Discharge path for buck-boost converter

[BlackMelon]

Hi!

I'm interested in no load condition of the converter. As what's in a simplified circuit, with load removed, there is no discharge path for the capacitor in the case that I want to reduce the output voltage after I pumped it up.

Is my understanding right?

Thanks

 

[Colin Mitchell]

I don't know what you want. The diode is around the wrong way.

 

[(*steve*)]

Typically your feedback network would draw some current.

 

[KrisBlueNZ]

The diode is around the wrong way.

It's a buck-boost converter.

 

[Arouse1973]

I don't know what you want. The diode is around the wrong way.
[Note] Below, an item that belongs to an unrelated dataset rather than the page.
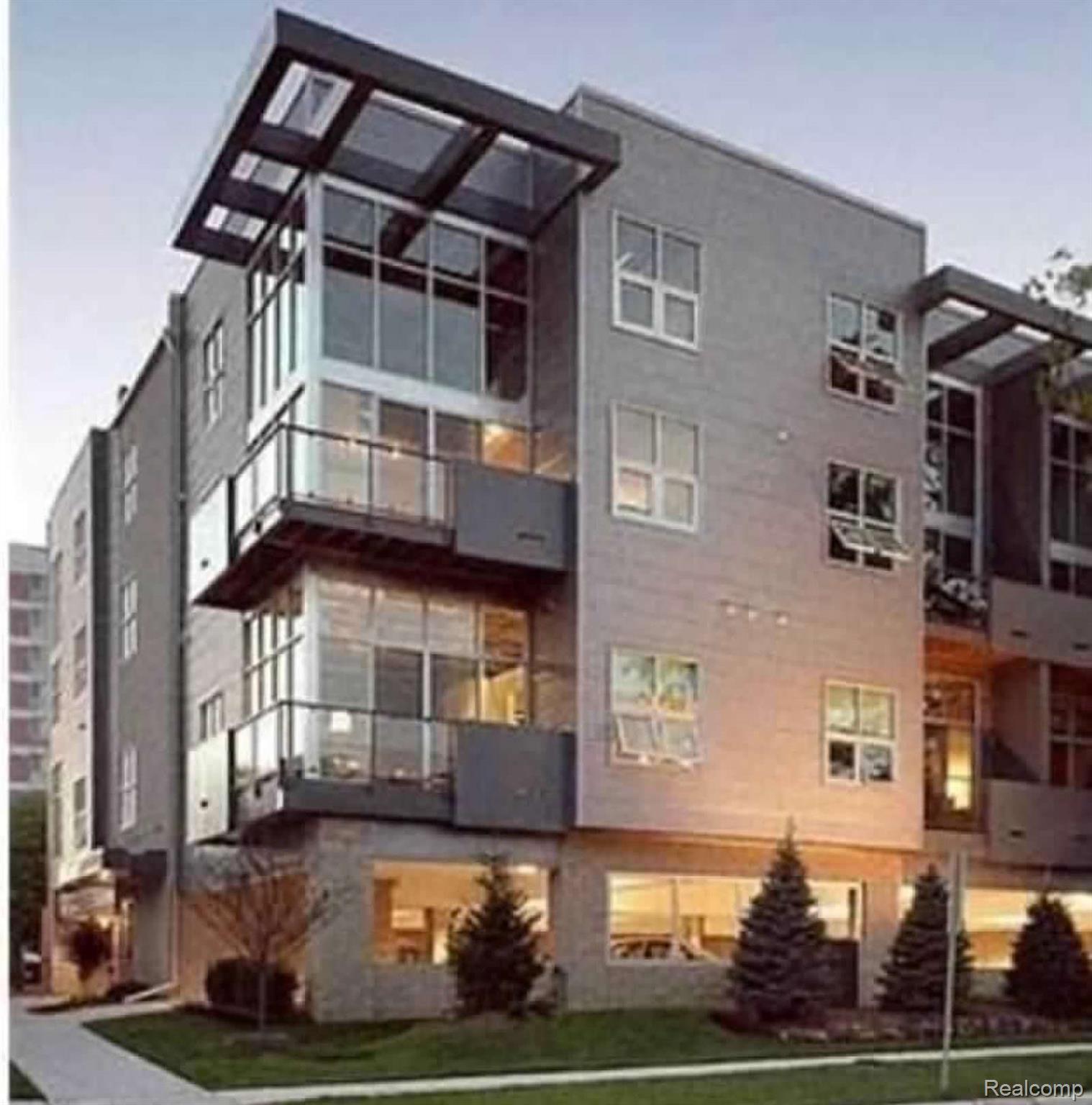 614, Troy, #102, Royal Oak, Michigan, 48067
No the diodes not around the wrong way, this is fine. It's designed to reverse the polarity of the input voltage. This is a positive to negative buck-boost configuration. Buck boost being the name given to this kind of group configuration.
Adam

 

[Arouse1973]

@kris snap

 

[BlackMelon]

I mean this:
At the first time, I boosted the capacitor voltage up to 100V in no load operation(no resistor in the circuit diagram which I showed you). Luckily, I've got a feedback loop and it stops the circuit from pushing more energy to the capacitor (which causes overvoltage to the capacitor). Now I want to reduce the capacitor's 100V down to 20V but I have no resistor to discharge the capacitor so what I want to ask you is "The voltage will not be able to decrease, right?"

 

[KrisBlueNZ]

I don't understand your question.

If you have no load on the capacitor at all, then it will only discharge due to its internal leakage.
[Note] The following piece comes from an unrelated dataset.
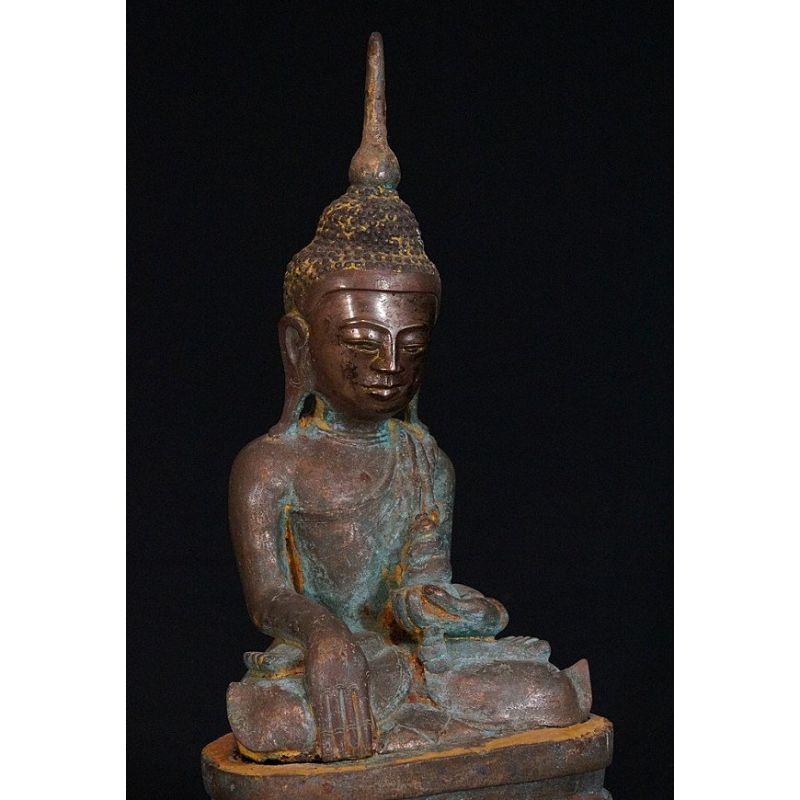 Antique bronze Shan Buddha from Burma Original Buddhas For Sale 1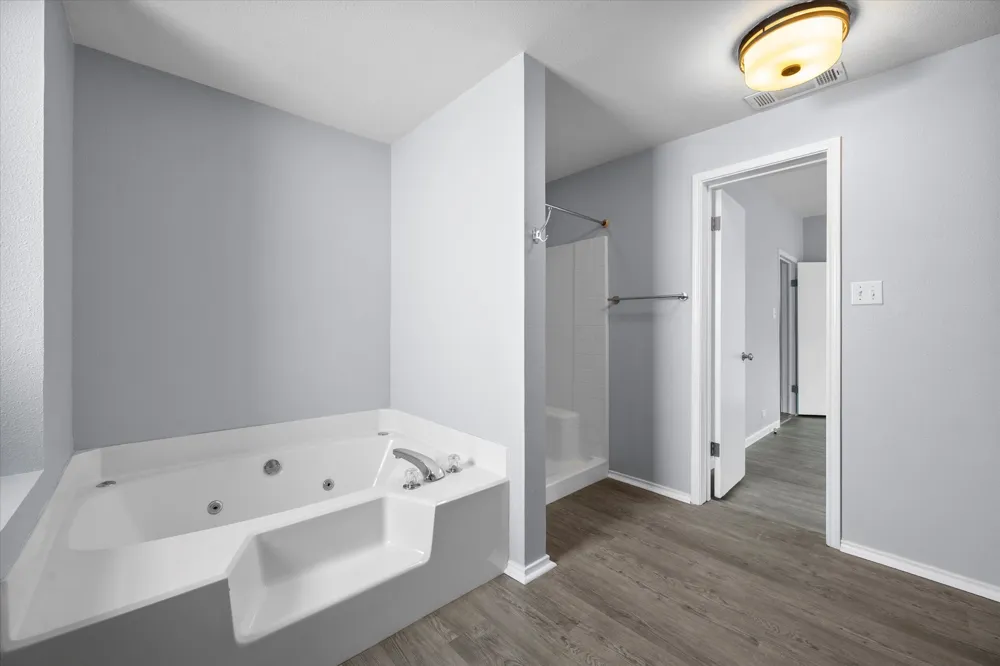 3815 Lucy Trimble Road Burleson, TX 76028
If you have a feedback circuit using a voltage divider across the capacitor, that will discharge the capacitor slowly, as Steve pointed out in post #3.

If you change the control circuit so it stops switching when the capacitor voltage reaches -20V then the capacitor will charge to -20V.

If that doesn't answer your question, then you need to ask your question clearly.